In turn, this helps them to provide investors with decision-useful environmental information via the mainstream corporate report, enhancing the efficient allocation of capital. Regulators also benefit from compliance-ready materials. CDP (formerly the Carbon Disclosure Project) provides the Secretariat for CDSB. This is just to emphasize once again how interconnected it all is in the sphere of climate reporting (and not only).

#4 Global Covenant of Mayors for Climate and Energy

Not just companies report on their climate achievements. Cities and local governments are not lagging behind.

The Global Covenant of Mayors for Climate & Energy (GCoM) is the world’s largest alliance of cities and local governments with a shared long-term vision of promoting and supporting voluntary action to combat climate change and move to a low emission, climate-resilient future.

Image source: www.globalcovenantofmayors.org

This coalition gathers almost 10 thousand (9664 as of the date of publishing of this article, to be precise) cities of all sizes across 6 continents and more than 120 countries, representing almost 10% of the world’s population (that is 326 671 680 inhabitants).

Through the GCoM, cities and local governments are voluntarily committing to fight climate change, mirroring the commitments their national governments have set to ensure the goals of the Paris Agreement are met. It is a commitment to not only take bold local action but to also work side-by-side with peers around the world to share innovative solutions that enable mayors to do more, faster.

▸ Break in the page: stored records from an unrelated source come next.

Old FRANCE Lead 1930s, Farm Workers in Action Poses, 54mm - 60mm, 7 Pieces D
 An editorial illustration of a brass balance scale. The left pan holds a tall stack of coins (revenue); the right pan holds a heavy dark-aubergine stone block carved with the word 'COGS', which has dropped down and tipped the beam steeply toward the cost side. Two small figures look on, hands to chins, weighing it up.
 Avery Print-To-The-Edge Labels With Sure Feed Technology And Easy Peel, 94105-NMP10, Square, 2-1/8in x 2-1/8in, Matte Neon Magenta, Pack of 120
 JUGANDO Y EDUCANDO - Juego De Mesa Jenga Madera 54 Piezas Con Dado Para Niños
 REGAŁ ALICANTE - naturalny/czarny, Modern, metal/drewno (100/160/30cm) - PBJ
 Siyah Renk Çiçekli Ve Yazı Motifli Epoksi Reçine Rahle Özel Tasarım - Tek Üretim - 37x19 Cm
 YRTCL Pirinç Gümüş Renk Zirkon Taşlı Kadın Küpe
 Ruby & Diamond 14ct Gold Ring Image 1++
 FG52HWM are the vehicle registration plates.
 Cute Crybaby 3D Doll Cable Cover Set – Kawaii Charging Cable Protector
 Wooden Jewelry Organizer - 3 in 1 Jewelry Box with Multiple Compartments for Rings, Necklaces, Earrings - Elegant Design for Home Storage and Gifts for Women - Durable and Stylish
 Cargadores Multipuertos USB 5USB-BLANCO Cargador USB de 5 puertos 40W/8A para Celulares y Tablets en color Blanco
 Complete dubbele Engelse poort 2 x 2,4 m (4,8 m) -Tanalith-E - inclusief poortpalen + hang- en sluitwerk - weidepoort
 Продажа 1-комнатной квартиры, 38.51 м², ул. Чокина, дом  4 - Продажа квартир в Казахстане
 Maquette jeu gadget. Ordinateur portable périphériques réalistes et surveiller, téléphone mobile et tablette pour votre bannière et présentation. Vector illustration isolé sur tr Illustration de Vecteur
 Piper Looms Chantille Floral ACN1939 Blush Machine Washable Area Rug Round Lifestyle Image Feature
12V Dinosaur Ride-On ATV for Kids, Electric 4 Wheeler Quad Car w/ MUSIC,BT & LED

It has its own Framework for Climate Reporting, that is expected to help create more consistent and cross-comparable data, focuses on the following topics:

  • Greenhouse gas emissions inventory;
  • Target setting;
  • Risk and vulnerability assessment;
  • Climate action and energy access planning.

The Covenant’s framework is meant to make it easier to finance city-level climate projects, which sometimes can be snared in national approval processes or derailed by unfavorable risk assessments when there is little data available on comparable efforts.

If all Global Covenant cities commit to and achieve targets similar to those already established, by 2050, the cumulative emissions avoided could reach more than 46 billion tons of carbon dioxide equivalent, according to analysis by WRI, roughly equal to the entire world’s emissions in 2010, according to Schuyler Null’s article ‘Measuring Climate Success with New Common Reporting Framework for Cities’.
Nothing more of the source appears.